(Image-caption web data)
****************************************

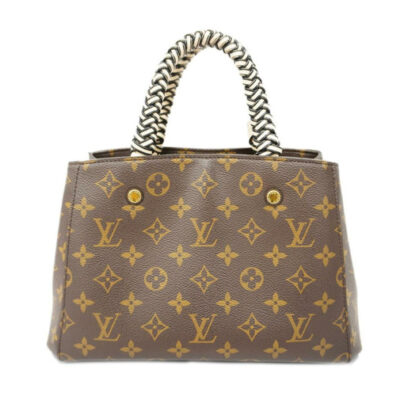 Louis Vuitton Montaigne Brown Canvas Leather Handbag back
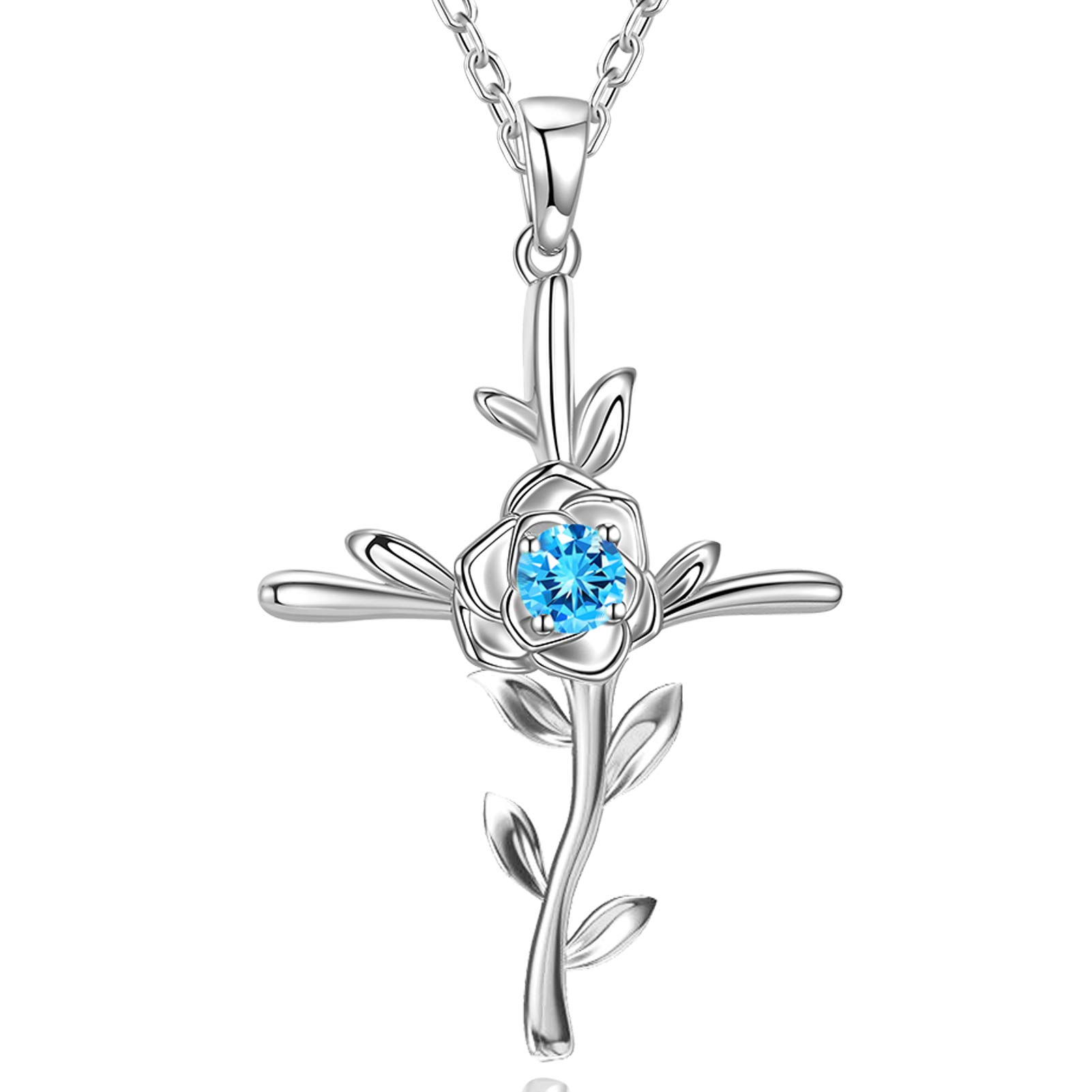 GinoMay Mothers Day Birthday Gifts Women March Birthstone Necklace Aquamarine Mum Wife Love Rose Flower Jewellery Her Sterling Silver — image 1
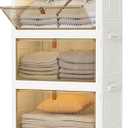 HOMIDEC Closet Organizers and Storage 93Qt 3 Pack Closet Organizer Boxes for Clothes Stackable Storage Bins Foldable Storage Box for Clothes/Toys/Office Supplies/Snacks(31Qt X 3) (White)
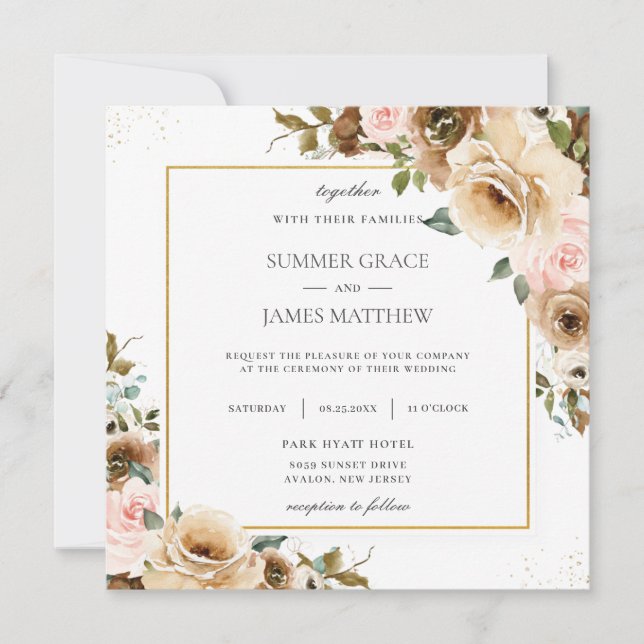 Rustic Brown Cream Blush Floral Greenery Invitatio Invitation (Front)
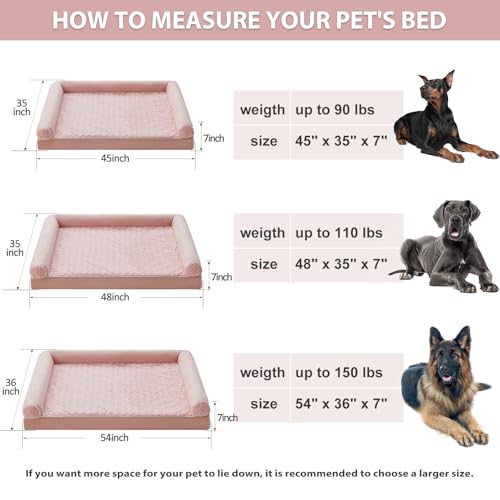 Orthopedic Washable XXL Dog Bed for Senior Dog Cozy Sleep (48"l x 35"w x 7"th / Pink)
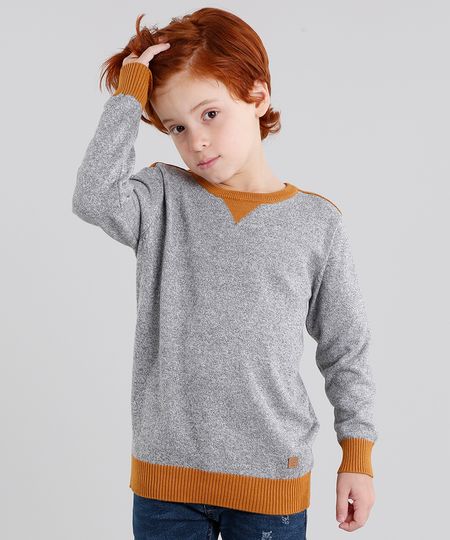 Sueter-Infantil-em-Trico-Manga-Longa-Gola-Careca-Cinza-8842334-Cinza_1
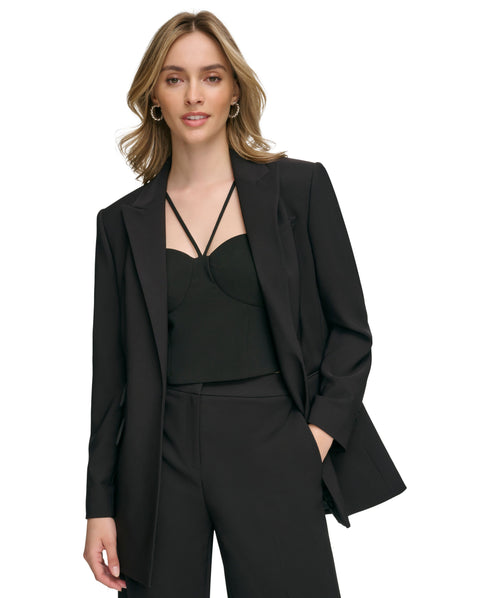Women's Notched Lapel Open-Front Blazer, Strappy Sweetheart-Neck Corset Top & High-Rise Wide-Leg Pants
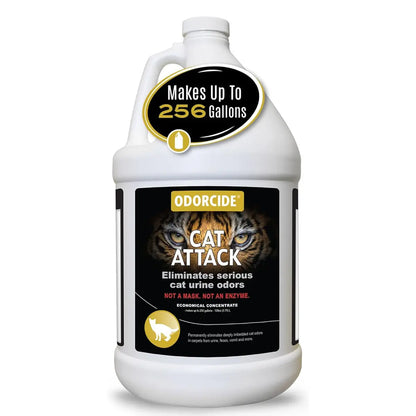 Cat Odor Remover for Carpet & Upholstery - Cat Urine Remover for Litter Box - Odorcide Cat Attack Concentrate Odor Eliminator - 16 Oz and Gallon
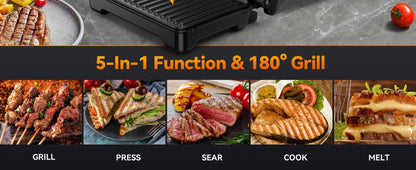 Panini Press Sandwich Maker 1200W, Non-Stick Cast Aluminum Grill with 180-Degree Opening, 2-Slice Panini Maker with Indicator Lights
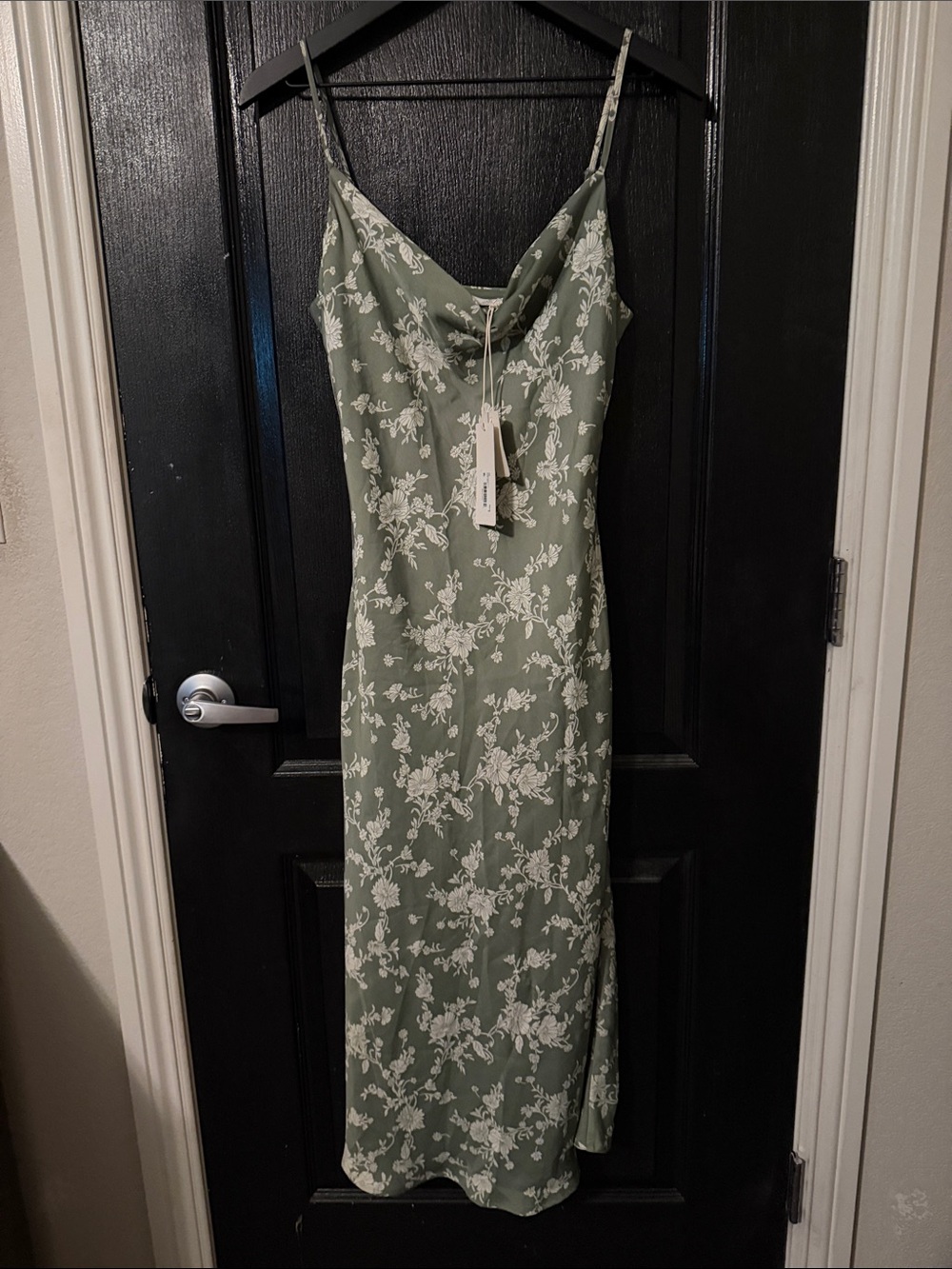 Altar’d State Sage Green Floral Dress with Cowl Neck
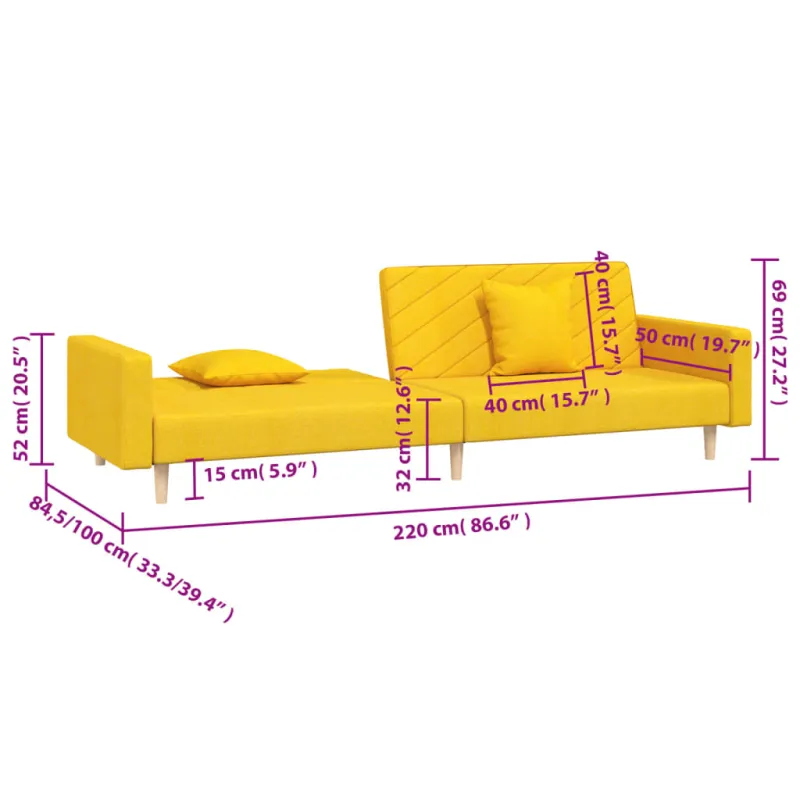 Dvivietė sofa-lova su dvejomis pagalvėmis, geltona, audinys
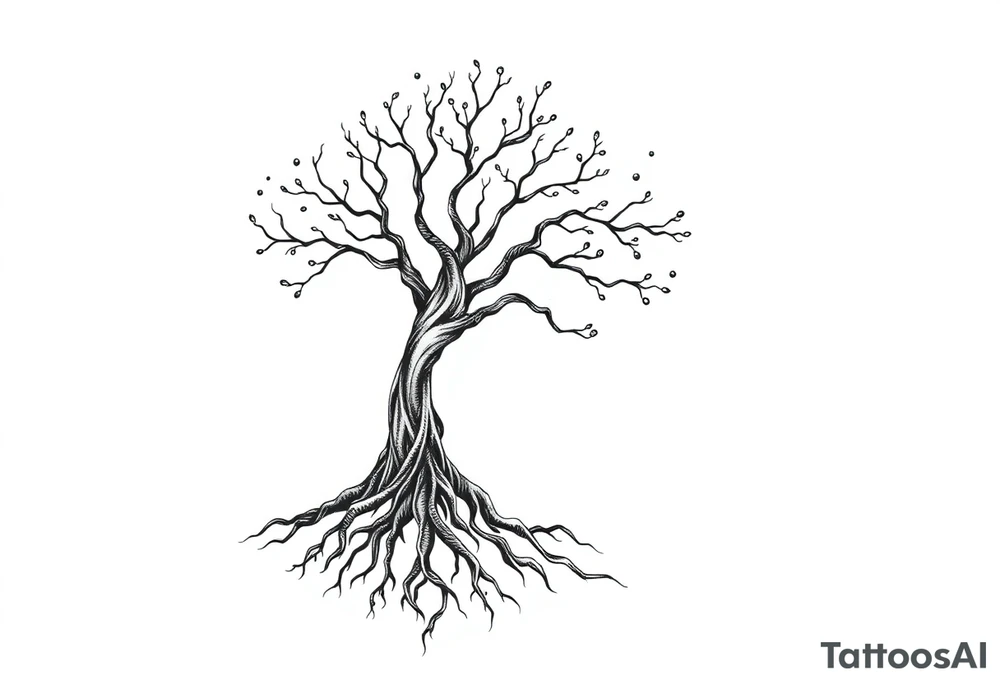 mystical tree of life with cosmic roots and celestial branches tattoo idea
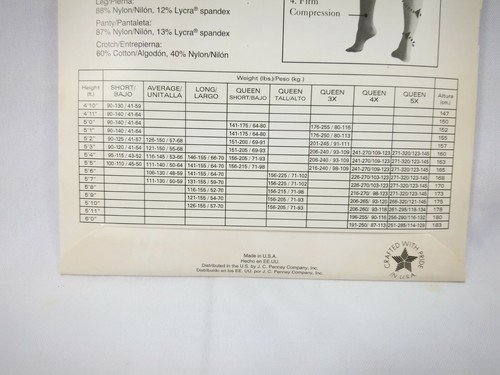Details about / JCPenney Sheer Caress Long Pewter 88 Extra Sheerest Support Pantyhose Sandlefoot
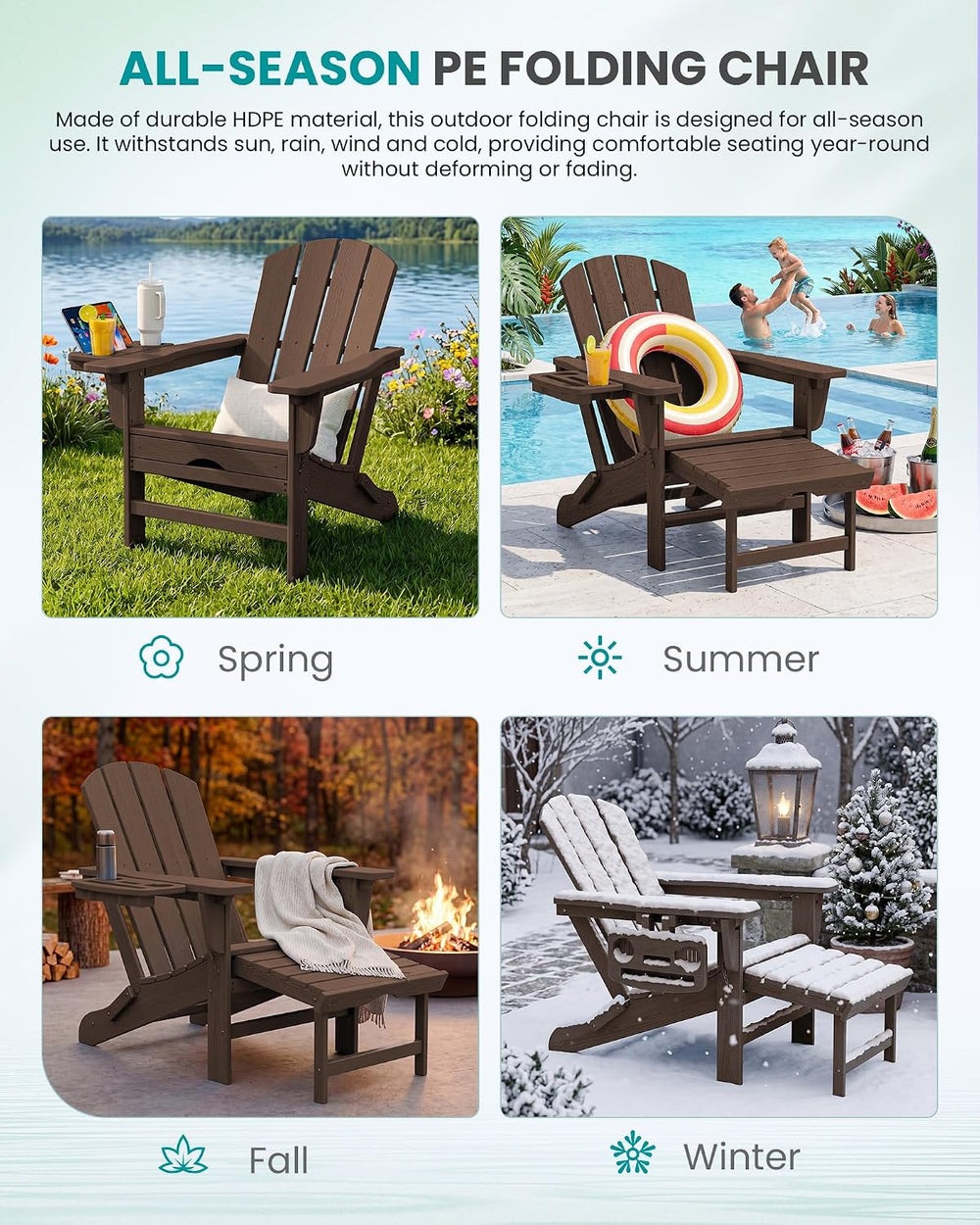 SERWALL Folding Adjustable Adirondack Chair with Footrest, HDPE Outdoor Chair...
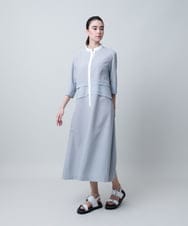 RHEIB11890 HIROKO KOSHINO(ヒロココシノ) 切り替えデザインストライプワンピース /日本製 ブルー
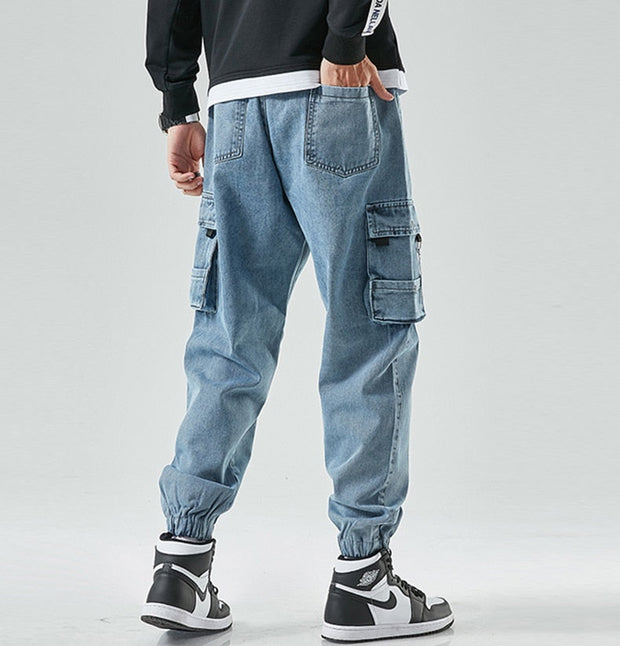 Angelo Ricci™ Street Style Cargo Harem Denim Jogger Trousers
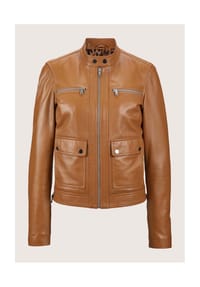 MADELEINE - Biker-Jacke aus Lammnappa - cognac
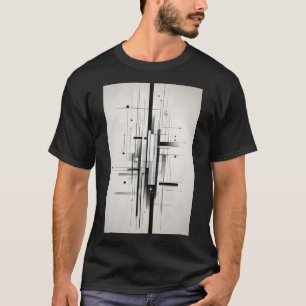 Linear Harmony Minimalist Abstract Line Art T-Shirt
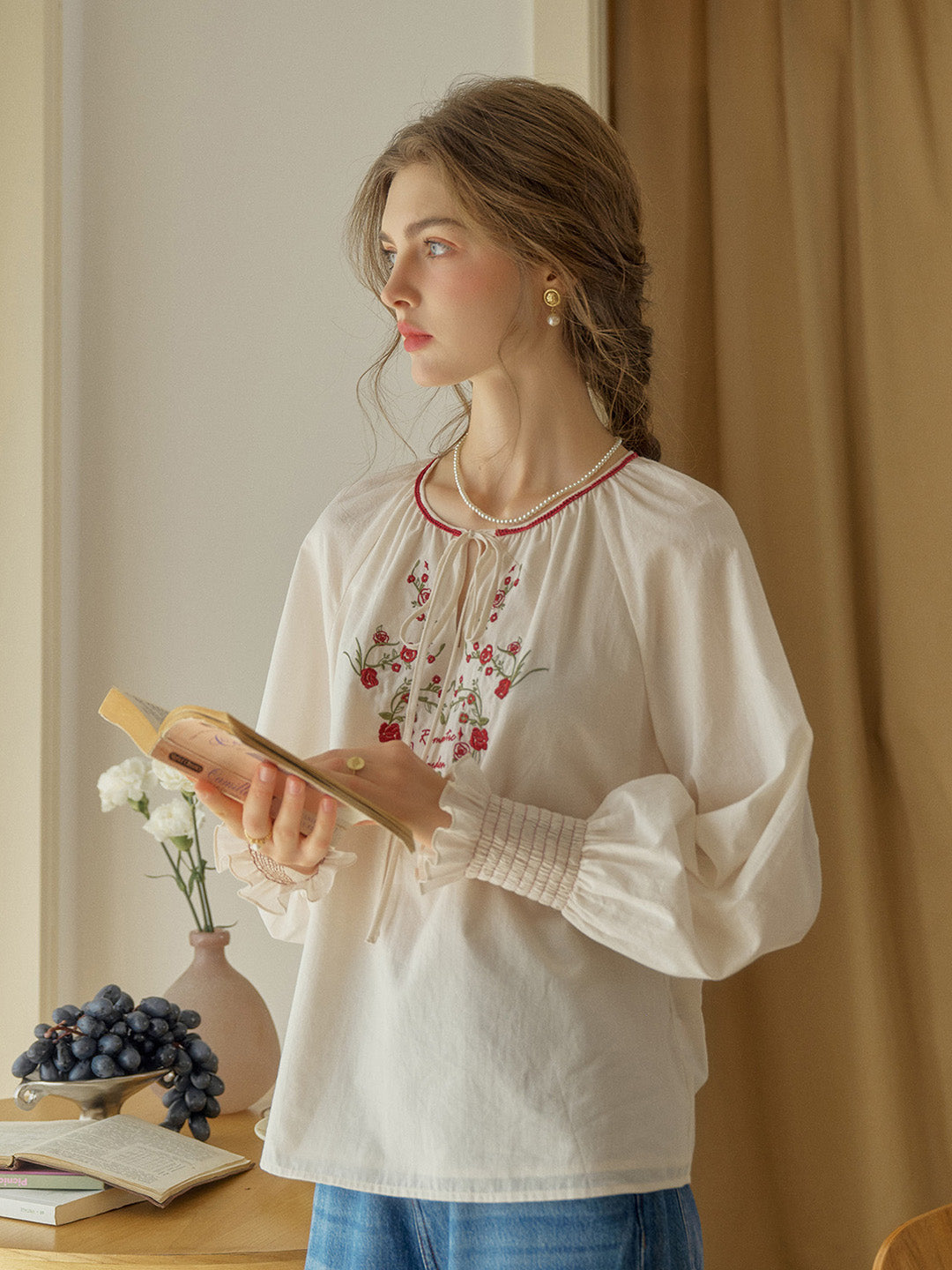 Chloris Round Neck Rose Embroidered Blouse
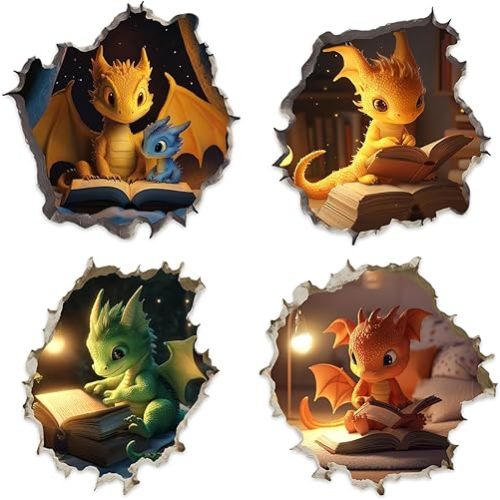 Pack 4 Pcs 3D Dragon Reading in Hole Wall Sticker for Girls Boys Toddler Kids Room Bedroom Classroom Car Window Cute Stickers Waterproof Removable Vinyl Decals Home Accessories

****************************************

Activity: Which lines run from the one that holds "Orthopedic Washable XXL" to the final line of the records above? Return them exactly, and skip the pictures.

Response below:
 Orthopedic Washable XXL Dog Bed for Senior Dog Cozy Sleep (48"l x 35"w x 7"th / Pink)
 Sueter-Infantil-em-Trico-Manga-Longa-Gola-Careca-Cinza-8842334-Cinza_1
Women's Notched Lapel Open-Front Blazer, Strappy Sweetheart-Neck Corset Top & High-Rise Wide-Leg Pants
 Cat Odor Remover for Carpet & Upholstery - Cat Urine Remover for Litter Box - Odorcide Cat Attack Concentrate Odor Eliminator - 16 Oz and Gallon
 Panini Press Sandwich Maker 1200W, Non-Stick Cast Aluminum Grill with 180-Degree Opening, 2-Slice Panini Maker with Indicator Lights
 Altar’d State Sage Green Floral Dress with Cowl Neck
 Dvivietė sofa-lova su dvejomis pagalvėmis, geltona, audinys
 mystical tree of life with cosmic roots and celestial branches tattoo idea
Details about / JCPenney Sheer Caress Long Pewter 88 Extra Sheerest Support Pantyhose Sandlefoot
 SERWALL Folding Adjustable Adirondack Chair with Footrest, HDPE Outdoor Chair...
 RHEIB11890 HIROKO KOSHINO(ヒロココシノ) 切り替えデザインストライプワンピース /日本製 ブルー
 Angelo Ricci™ Street Style Cargo Harem Denim Jogger Trousers
 MADELEINE - Biker-Jacke aus Lammnappa - cognac
 Linear Harmony Minimalist Abstract Line Art T-Shirt
 Chloris Round Neck Rose Embroidered Blouse
 Pack 4 Pcs 3D Dragon Reading in Hole Wall Sticker for Girls Boys Toddler Kids Room Bedroom Classroom Car Window Cute Stickers Waterproof Removable Vinyl Decals Home Accessories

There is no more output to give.